Russian War Crimes (1837-1864)
In 1837, the former Decembrist revolutionary, Nikolai Lorer, was serving on the frontline in Russia’s war in the Caucasus. Demoted from major to private, he had been sent to Circassia, a small, independent country in the north, on the shore of the Black Sea. One day, Lorer was summoned to see the regional commander, General Grigory Zass.
“After entering the general’s office,” he recalled, “I was struck by some sort of intolerably offensive smell… Zass, laughing, ended our confusion by telling us that his people had no doubt placed under his bed a box with heads… he pulled out and showed us a huge chest with several heads that stared at us with horrible glassy eyes. ‘Why are they here?’ I asked. ‘I’m boiling and cleaning them and then sending them to various anatomical offices and my academic friends in Berlin.’”
he heads had belonged to members of the native population, the so-called “mountaineers”. At the time they were engaged in a war of resistance against the Russian occupiers. For the Circassians, this was an existential struggle for survival; for the Russians, a land grab that turned into a grim, relentless battle to impose their expansionist ideology. It would eventually, inevitably, evolve into ethnic cleansing and genocide.
Commanders like Zass had come to regard their enemies as sub-human, which to them justified the brutal measures they took to suppress the resistance.
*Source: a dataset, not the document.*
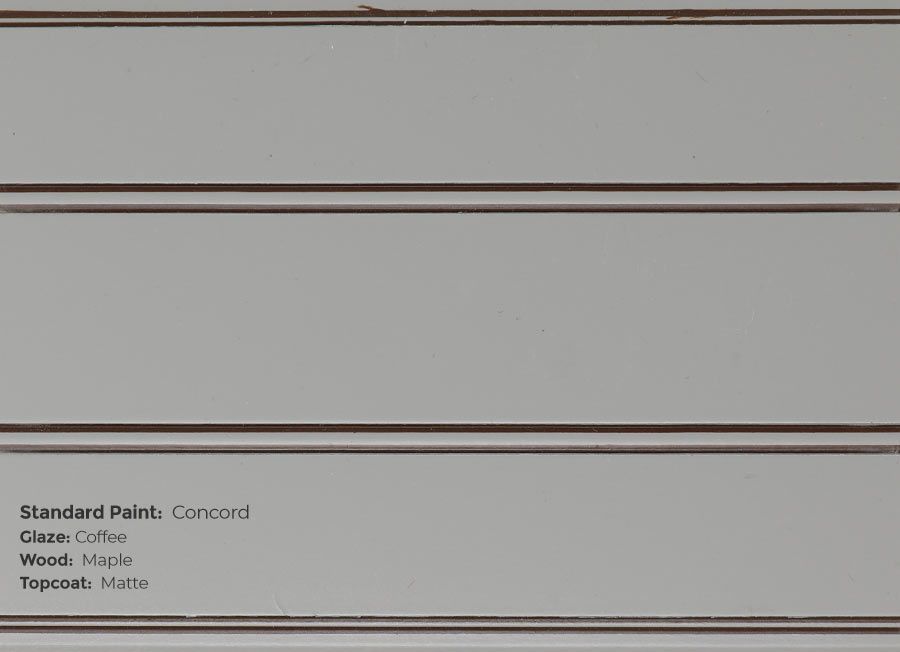 A close up of a white wall with the words painted paint on it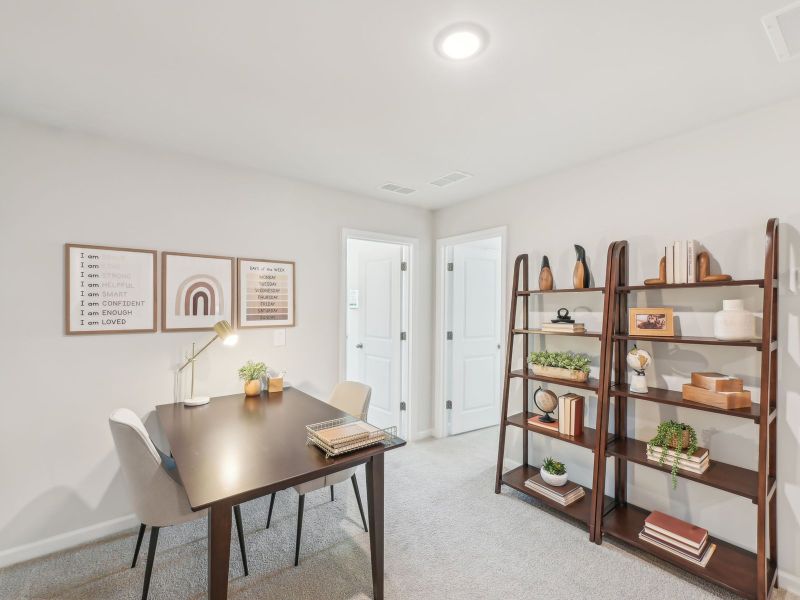 An upstairs loft lends itself for a work or entertainment space. An upstairs loft lends itself for a work or entertainment space.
As well as heads under the bed, Zass the Impaler stuck other heads on lances planted on top of a hill for all to see. “Their beards blew in the wind,” remembered Lorer.
But such barbarities were not just the aberrations of a psychopathic monster, they were part of an unofficial policy of terror, which also included the use of rape as a weapon of war.
Eternal enemies
And it continued for decades. “Only horror could have an effect on the hostile mountaineers,” one Russian commander wrote in the 1860s, showing that Zass’s approach was still the order of the day. Alexander Baryatinsky, the Russian viceroy of Caucusus from 1856 to 1862, went even further, stating: “We must assume that we will need to exterminate the mountaineers before they will agree to our demands.”
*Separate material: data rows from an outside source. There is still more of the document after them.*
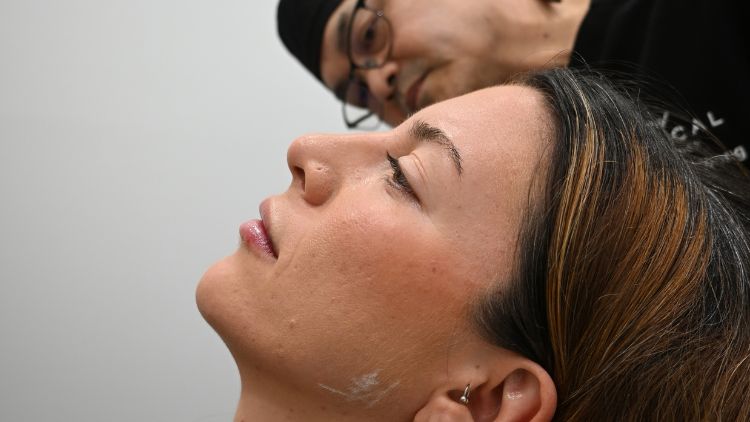 Dr Wong assessing facial anatomy before treatment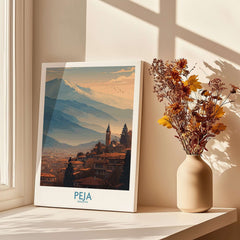 Peja Kosovo Mountain Town Art Print | Rugova Valley Panorama Poster displayed beside a vase with flowers in a sunlit room.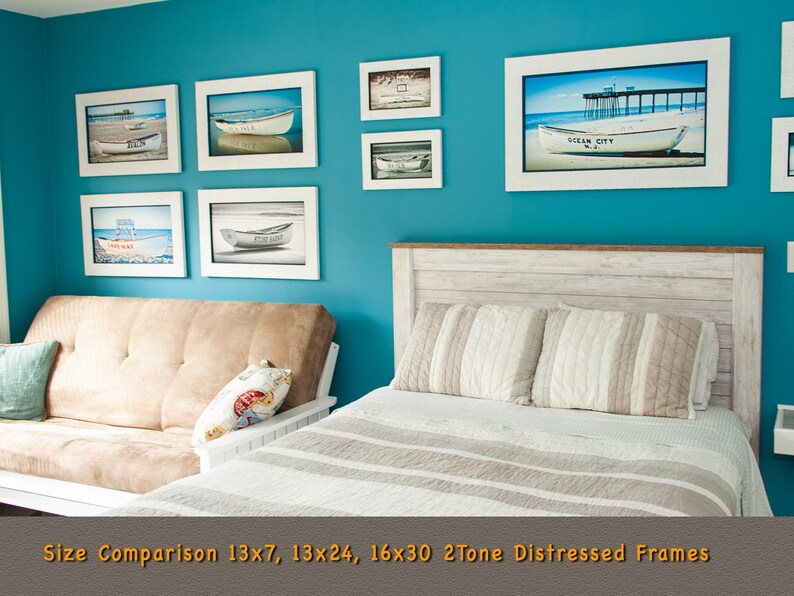 May include: A collection of framed beach-themed art prints in white distressed frames. The prints depict boats on sandy shores and a pier. The frames are displayed on a teal wall above a bed and futon. The text "Ocean City N.J." is visible on one print.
In his seminal book on the conflict, The Circassian Genocide, Walter Richmond describes the increasing frustration of the Russian commanders: “the army that had defeated Napoleon was held in check by “savages””, he writes. He goes on: “In their minds the Circassians were no longer future subjects; they were eternal enemies who had to be wiped out.”
The end of a nation
The Circassian forces made their valiant last stand against the Russian army at Qbaada in May 1864. After surrendering, they were driven to the Black Sea coastal city of Sochi, where, as Richmond writes: “they died by the thousands as they waited for ships to take them to the Ottoman Empire.” These days Sochi is remembered as the venue for the 2014 Winter Olympics, not as the place where a nation ceased to exist.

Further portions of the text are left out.